Tour-Alty, a monument of architecture of the Altai Republic [Photo Credit: Alexandr Frolov Creative Commons Attribution-Share Alike 4.0]

“We maintain connection to the land through petroglyphs, standing stones, kurgans, throat singing, totem plants and animals like snow leopard and wolf,” said Igor Sailankin, director of Nature Park Belukha, to the Sacred Land Film Project. “It’s something people live with every day.”

Archaeologists consider the area to be rich in burial sites. Indigenous people believe that the area is bound to the flow of energy on the Earth.

There is little detail about the nature of the current persecution. Legal actions, including a proclamation by the regional district court, identified the Ak Jang practitioners as an extremist organization engaging in apparently illegal acts such as proselytizing and circulating extremist materials.

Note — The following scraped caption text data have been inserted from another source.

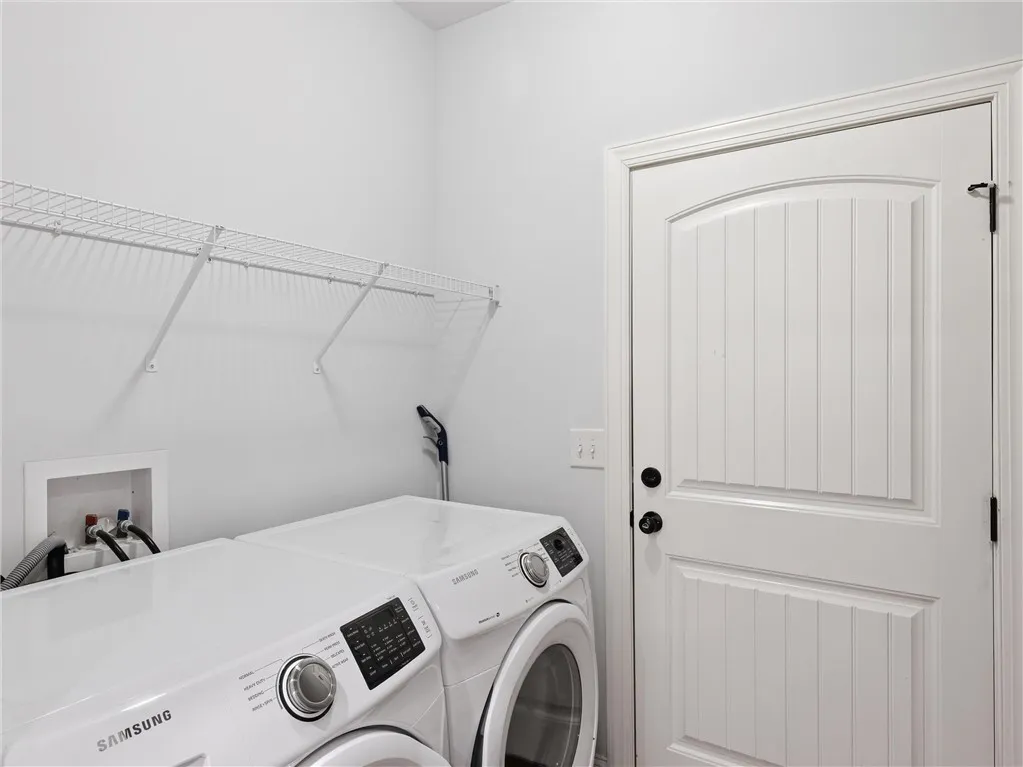 This laundry area features convenient appliances and functional storage solutions.
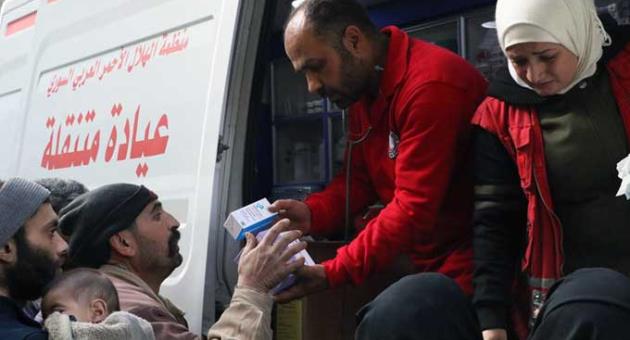 This photo release by the Syrian Red Crescent, shows members of the Syrian Red Crescent distributing medicines for civilians in Douma, eastern Ghouta, a suburb of Damascus, Syria, Monday, March. 5, 2018.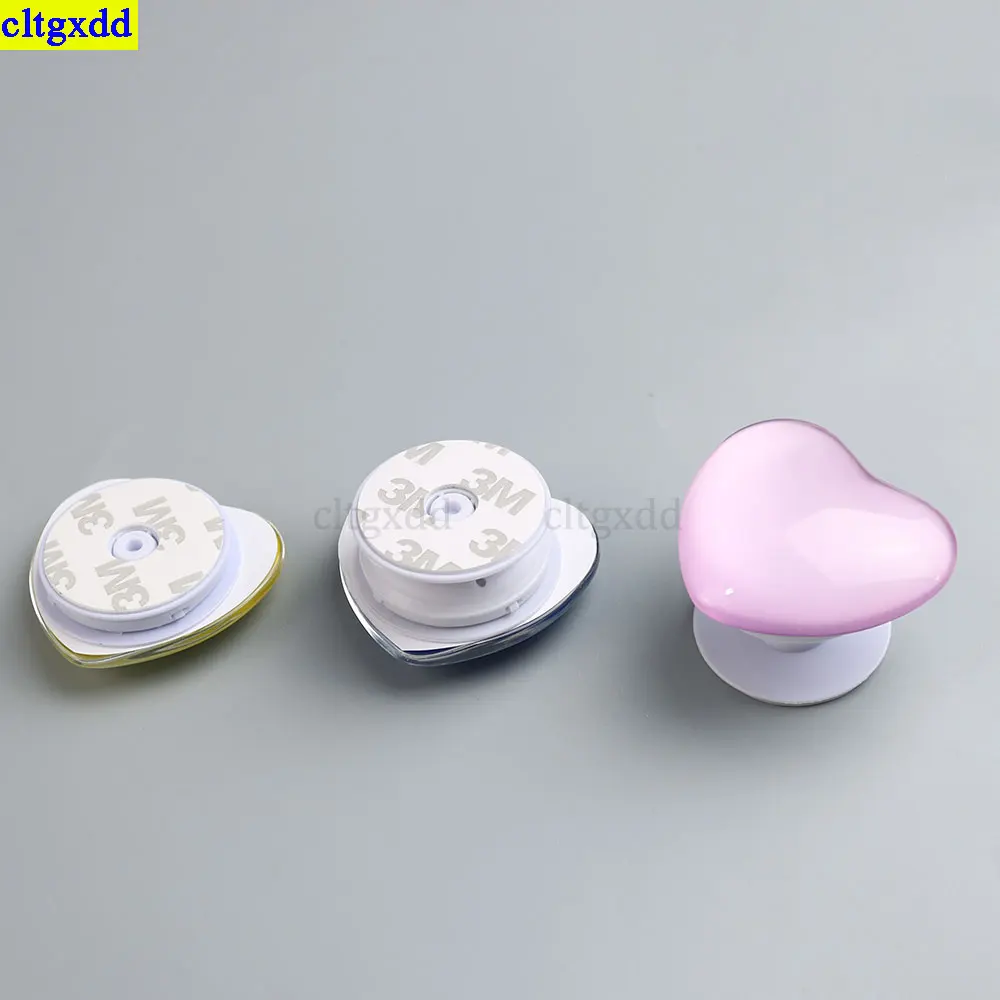 Cltgxdd, 1 pieza, pegamento transparente en forma de gota, soporte para teléfono 3D brillante en forma de corazón, soporte para airbag, agarre universal para teléfono plegable estirable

Reports note that more charges are expected in the coming months.

The Ak Jang claim that the local leadership of Altai Buddhists, who insist Ak Jang spirituality is a “folk Buddhist” variant, are backed by the Russian Federal Security Service.

Previous scholarship at the University of Saskatchewan identified all forms of religious persecution under Communist rule. “With regard to the aboriginal traditions,” the researchers noted, “the Communist Party directives aimed at the ‘elimination of the religious superstitions without a trace.’”

There may, however, be more to the current persecution than merely using a religious context to marginalize the indigenous Altai community. “In 2012,” Minority Rights notes, “a conflict emerged between the Russian Federal Government and the Government of the Altai Republic, focusing on a new Gazprom project and the proposed construction of a gas pipeline to China through the Ukok Plateau, an important environmental treasure and a holy place for the Altai minorities.” In 2012, the Altai Republic’s government recognized the sacred status of the Ukok Plateau, a move meant to obstruct further commercial and industrial activities, but plans to develop the pipeline through Ukok have continued.

Regardless of the economic objectives, reports note that despite the persecution shamanism will survive in the region and in Siberia. “’The rebirth of paganism’ in Asia,” writes Vladimir Rozanskij in AsiaNews, “pride of the Altai peoples, exerts great fascination among local youth.”

“Over 70 years of Soviet rule, our culture was destroyed,” Aleksei Romanov, a Yakut film director, told RadioLiberty, which is funded by the United States government. Romanov is part of a group of Yakut filmmakers whose work has been shown at film festivals around the world. “Shamanism, our traditional faith, and other customs were banned. But now we’re bringing them back.”

How this pride in the traditional shamanic culture of the region will engage with this potential new form of state repression remains to be seen.